My compliments to SP Guide Publications for informative and credible reportage on contemporary aerospace issues over the past six decades.

— Air Chief Marshal V.R. Chaudhari, Indian Air Force Chief
       


EXCLUSIVE

"We will have a lot of focus on Asia-Pacific"

“It is a market that we are spending a lot of time understanding the customer requirements in that region, and are investing a lot of human capital resources into our regional offices in both Beijing and Singapore in addition to local onsite warehouse and logistics support. I’m excited about the opportunities for Embraer in Asia-Pacific.” SP’s Aviation Editor-in-Chief Jayant Baranwal spoke to John Slattery, President & CEO of Embraer Commercial, on the growth plans of Embraer.

Issue: 04-2017Photo(s): By Embraer
John Slattery, President & CEO Embraer Commercial

Jayant Baranwal (JB): As President & CEO, what do you think is the most difficult challenging task you need to deal with as you head one of the most progressive regional aircraft manufacturers in the world?

John Slattery (Slattery): These are exciting times for Embraer – the development of our E-Jets E2 jets is on time, on budget and on schedule for their test programme and the first of the E2s, the E190-E2, is due to be delivered next year, in 2018. The most recent updates of the test programme are that the fourth E190-E2 has made its first flight, and the first E195-E2 prototype performed the first flight by the end of March.

What is key for us now is to keep our momentum and maintain our leadership position in the 70-130 plus seat segment. To date we have delivered more than 1,300 current generation E-Jets to 70 airlines in 50 countries. We also have 690 commitments for E-Jets E2, which we are expecting to grow in the near future.

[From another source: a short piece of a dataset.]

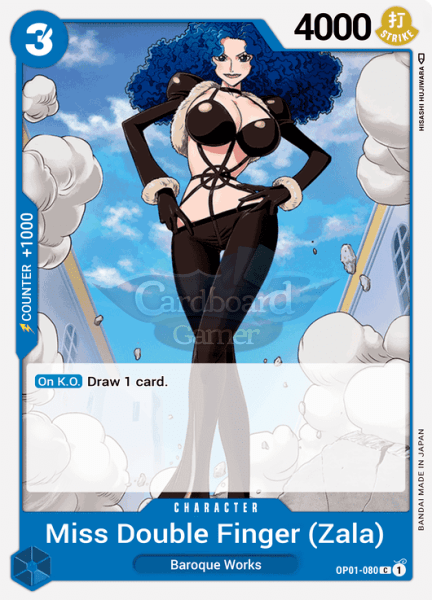 Op01-080 Miss Double Finger (Zala) Common Single Card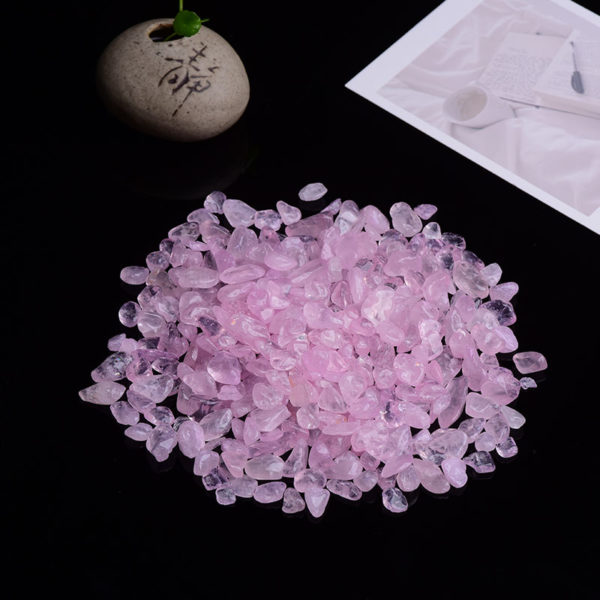 Pierre de guérison colorée en cristal naturel, minéraux de minerai de Quartz, échantillon de Quartz pour Aquarium, décoration de maison – Image 2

JB: According to you, what is the most important feature unique to offerings of Embraer Commercial Aviation making it different to the competitions?

Slattery: Over the years, we have demonstrated that we are innovative! For example, we were quick to spot and seize the gap in the 70-110 seats market 17 years ago, when we started the E-Jets programme. We found a niche where our aircraft would add value to airlines. Since then, other manufacturers have also joined this space.

Our aircraft are known for their performance and reliability — E-Jets have an average service reliability of 99.5 per cent. Last year, Fuji Dream Airlines in Japan achieved a 12-month service reliability average of 99.83 per cent — that is the highest among all E170/E175 operators. Air Costa’s 2016 average service reliability was 99.45 per cent.

The E-Jets E2s will feature improved capacity, range, maintenance costs and fuel efficiency, which will add value to operators. Embraer also collaborates very closely with its customers, keeping our ears tuned to what the customer wants. Our can-do attitude have enabled us to attain very high customer satisfaction ratings.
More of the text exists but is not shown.